▽

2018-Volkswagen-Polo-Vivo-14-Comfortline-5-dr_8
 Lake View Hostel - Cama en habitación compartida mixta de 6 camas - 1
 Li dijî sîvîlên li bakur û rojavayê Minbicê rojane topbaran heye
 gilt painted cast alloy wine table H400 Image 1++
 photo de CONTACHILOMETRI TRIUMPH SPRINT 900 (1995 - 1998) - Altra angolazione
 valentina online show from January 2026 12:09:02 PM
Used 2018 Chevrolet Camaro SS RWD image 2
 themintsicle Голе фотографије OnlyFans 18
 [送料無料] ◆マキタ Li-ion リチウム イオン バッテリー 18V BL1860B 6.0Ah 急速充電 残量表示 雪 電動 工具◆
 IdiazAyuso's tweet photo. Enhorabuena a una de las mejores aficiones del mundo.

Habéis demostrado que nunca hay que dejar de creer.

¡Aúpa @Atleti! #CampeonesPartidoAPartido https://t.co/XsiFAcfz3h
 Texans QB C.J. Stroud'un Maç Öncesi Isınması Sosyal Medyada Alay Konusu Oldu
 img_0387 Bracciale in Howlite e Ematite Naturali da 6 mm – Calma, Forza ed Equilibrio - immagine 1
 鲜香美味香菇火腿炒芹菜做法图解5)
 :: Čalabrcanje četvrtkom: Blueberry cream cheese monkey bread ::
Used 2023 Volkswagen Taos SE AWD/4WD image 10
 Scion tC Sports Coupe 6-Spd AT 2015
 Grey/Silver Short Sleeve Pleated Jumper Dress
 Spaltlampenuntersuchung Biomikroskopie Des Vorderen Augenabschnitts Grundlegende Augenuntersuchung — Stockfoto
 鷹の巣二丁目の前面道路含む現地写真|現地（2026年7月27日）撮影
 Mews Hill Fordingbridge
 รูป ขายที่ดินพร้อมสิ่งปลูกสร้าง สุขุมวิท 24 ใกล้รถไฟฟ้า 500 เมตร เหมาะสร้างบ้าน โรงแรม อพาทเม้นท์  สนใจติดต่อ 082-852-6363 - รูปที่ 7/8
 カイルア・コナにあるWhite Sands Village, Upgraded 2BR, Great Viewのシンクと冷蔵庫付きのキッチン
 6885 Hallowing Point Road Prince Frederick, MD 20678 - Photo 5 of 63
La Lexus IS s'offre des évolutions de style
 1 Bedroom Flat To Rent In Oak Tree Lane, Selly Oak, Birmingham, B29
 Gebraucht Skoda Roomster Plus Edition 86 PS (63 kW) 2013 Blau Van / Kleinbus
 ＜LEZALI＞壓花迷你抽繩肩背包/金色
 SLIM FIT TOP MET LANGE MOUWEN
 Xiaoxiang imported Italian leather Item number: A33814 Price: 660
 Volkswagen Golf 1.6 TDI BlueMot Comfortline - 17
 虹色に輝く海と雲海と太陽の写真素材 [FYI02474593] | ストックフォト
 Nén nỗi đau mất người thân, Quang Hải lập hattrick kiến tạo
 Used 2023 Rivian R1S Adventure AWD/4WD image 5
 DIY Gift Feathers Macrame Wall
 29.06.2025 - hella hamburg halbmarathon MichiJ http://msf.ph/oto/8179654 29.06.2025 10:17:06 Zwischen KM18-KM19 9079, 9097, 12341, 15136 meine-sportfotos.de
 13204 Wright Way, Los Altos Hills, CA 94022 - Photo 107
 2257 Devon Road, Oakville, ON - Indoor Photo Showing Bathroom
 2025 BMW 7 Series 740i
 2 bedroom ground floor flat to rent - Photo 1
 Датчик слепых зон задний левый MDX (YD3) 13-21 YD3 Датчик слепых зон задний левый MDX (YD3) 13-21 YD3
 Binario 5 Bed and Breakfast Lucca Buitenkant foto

△

- TO DO -
Write each line of the data down again exactly as it reads.

- WRITTEN ANSWER -
2018-Volkswagen-Polo-Vivo-14-Comfortline-5-dr_8
 Lake View Hostel - Cama en habitación compartida mixta de 6 camas - 1
 Li dijî sîvîlên li bakur û rojavayê Minbicê rojane topbaran heye
 gilt painted cast alloy wine table H400 Image 1++
 photo de CONTACHILOMETRI TRIUMPH SPRINT 900 (1995 - 1998) - Altra angolazione
 valentina online show from January 2026 12:09:02 PM
Used 2018 Chevrolet Camaro SS RWD image 2
 themintsicle Голе фотографије OnlyFans 18
 [送料無料] ◆マキタ Li-ion リチウム イオン バッテリー 18V BL1860B 6.0Ah 急速充電 残量表示 雪 電動 工具◆
 IdiazAyuso's tweet photo. Enhorabuena a una de las mejores aficiones del mundo.

Habéis demostrado que nunca hay que dejar de creer.

¡Aúpa @Atleti! #CampeonesPartidoAPartido https://t.co/XsiFAcfz3h
 Texans QB C.J. Stroud'un Maç Öncesi Isınması Sosyal Medyada Alay Konusu Oldu
 img_0387 Bracciale in Howlite e Ematite Naturali da 6 mm – Calma, Forza ed Equilibrio - immagine 1
 鲜香美味香菇火腿炒芹菜做法图解5)
 :: Čalabrcanje četvrtkom: Blueberry cream cheese monkey bread ::
Used 2023 Volkswagen Taos SE AWD/4WD image 10
 Scion tC Sports Coupe 6-Spd AT 2015
 Grey/Silver Short Sleeve Pleated Jumper Dress
 Spaltlampenuntersuchung Biomikroskopie Des Vorderen Augenabschnitts Grundlegende Augenuntersuchung — Stockfoto
 鷹の巣二丁目の前面道路含む現地写真|現地（2026年7月27日）撮影
 Mews Hill Fordingbridge
 รูป ขายที่ดินพร้อมสิ่งปลูกสร้าง สุขุมวิท 24 ใกล้รถไฟฟ้า 500 เมตร เหมาะสร้างบ้าน โรงแรม อพาทเม้นท์  สนใจติดต่อ 082-852-6363 - รูปที่ 7/8
 カイルア・コナにあるWhite Sands Village, Upgraded 2BR, Great Viewのシンクと冷蔵庫付きのキッチン
 6885 Hallowing Point Road Prince Frederick, MD 20678 - Photo 5 of 63
La Lexus IS s'offre des évolutions de style
 1 Bedroom Flat To Rent In Oak Tree Lane, Selly Oak, Birmingham, B29
 Gebraucht Skoda Roomster Plus Edition 86 PS (63 kW) 2013 Blau Van / Kleinbus
 ＜LEZALI＞壓花迷你抽繩肩背包/金色
 SLIM FIT TOP MET LANGE MOUWEN
 Xiaoxiang imported Italian leather Item number: A33814 Price: 660
 Volkswagen Golf 1.6 TDI BlueMot Comfortline - 17
 虹色に輝く海と雲海と太陽の写真素材 [FYI02474593] | ストックフォト
 Nén nỗi đau mất người thân, Quang Hải lập hattrick kiến tạo
 Used 2023 Rivian R1S Adventure AWD/4WD image 5
 DIY Gift Feathers Macrame Wall
 29.06.2025 - hella hamburg halbmarathon MichiJ http://msf.ph/oto/8179654 29.06.2025 10:17:06 Zwischen KM18-KM19 9079, 9097, 12341, 15136 meine-sportfotos.de
 13204 Wright Way, Los Altos Hills, CA 94022 - Photo 107
 2257 Devon Road, Oakville, ON - Indoor Photo Showing Bathroom
 2025 BMW 7 Series 740i
 2 bedroom ground floor flat to rent - Photo 1
 Датчик слепых зон задний левый MDX (YD3) 13-21 YD3 Датчик слепых зон задний левый MDX (YD3) 13-21 YD3
 Binario 5 Bed and Breakfast Lucca Buitenkant foto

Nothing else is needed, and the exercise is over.